Millions of South Africans are heading toward old age without adequate savings, and the numbers behind that reality are getting worse. Rising living costs are forcing households to abandon retirement planning in favor of meeting immediate needs, deepening a savings crisis that threatens to leave the majority of the population dependent on government grants that fall far short of a livable income.
The picture is stark. According to 10X Investments’ 2023/24 retirement reality report, only about 6% of South Africans are on track to retire comfortably. Even those who have attempted to plan for retirement lack confidence they can support themselves long-term, given inflationary pressures and the current economic climate. For people aged over 50, the outlook is particularly grim: 29% indicated their retirement plans were “definitely not” or “probably not” on track.
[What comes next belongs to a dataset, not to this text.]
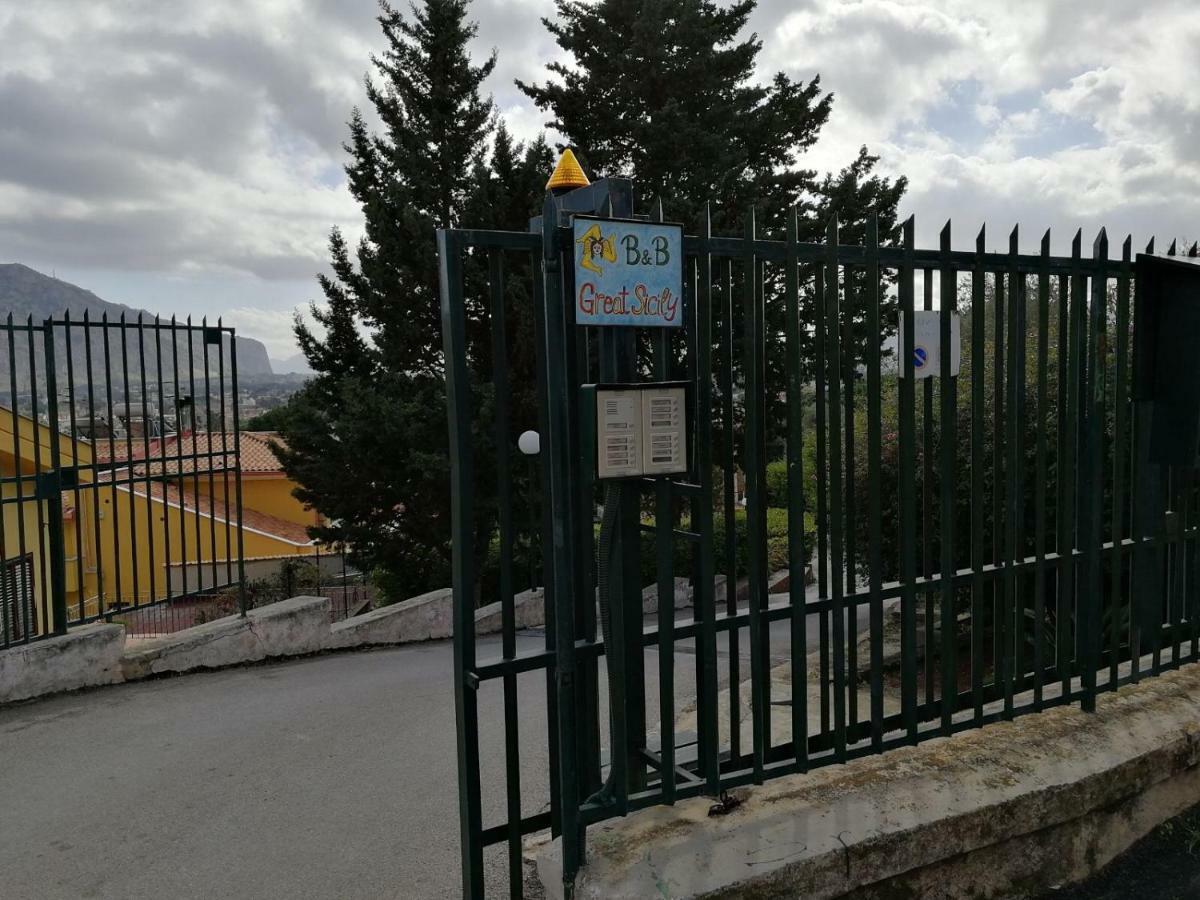 Hotel Great Sicily Mondello Zewnętrze zdjęcie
Additional reference context is available at https://www.businessday.co.za/economy/2026-07-06-south-african-households-still-saving-too-little-for-retirement/.
The South African Reserve Bank’s latest quarterly bulletin, released last week, captured the strain in national figures. The gross saving rate edged up only marginally to 14.9% of nominal GDP in the first quarter of this year, compared with 13.3% in the fourth quarter of 2025. Yet even this modest uptick masks deteriorating conditions. Before Middle East conflict sent living costs and business expenses spiraling, the savings rate was already fragile. Analysts expect it to weaken further in the second quarter.
Household savings data paint an even more troubling picture. According to IFSA Asset Managers citing Stats SA figures, the household savings rate turned negative in 2025, dropping to minus 1.2% in the third quarter from minus 1.1% in the second quarter. South African households are, on average, spending more than they earn, funding consumption through debt and drawing down existing savings rather than building new ones.
What this means in practice: the government safety net offers little protection for those without adequate retirement savings. The South African Social Security Agency grant for beneficiaries aged 60 to 74 is currently R2,400 a month, while those aged 75 and older receive R2,420. “For the majority of South Africans, this is not a retirement income. It is a lifeline,” IFSA Asset Managers said. For households already stretched thin, the prospect of surviving on that amount in old age is not a distant abstraction. It is a near-certainty for many.
Financial expert Gerald Mwandiambira, former CEO of the South African Savings Institute, attributes much of the problem to the financial stress most South Africans currently face. “Given the financial stress that most South Africans are currently under, one can assume that the state of savings has actually deteriorated,” he said. The institute, founded in 2001 as a public-private initiative to promote savings culture, shut its doors about two years ago due to lack of funding and sponsors, after two decades of leading an annual Savings Month campaign each July.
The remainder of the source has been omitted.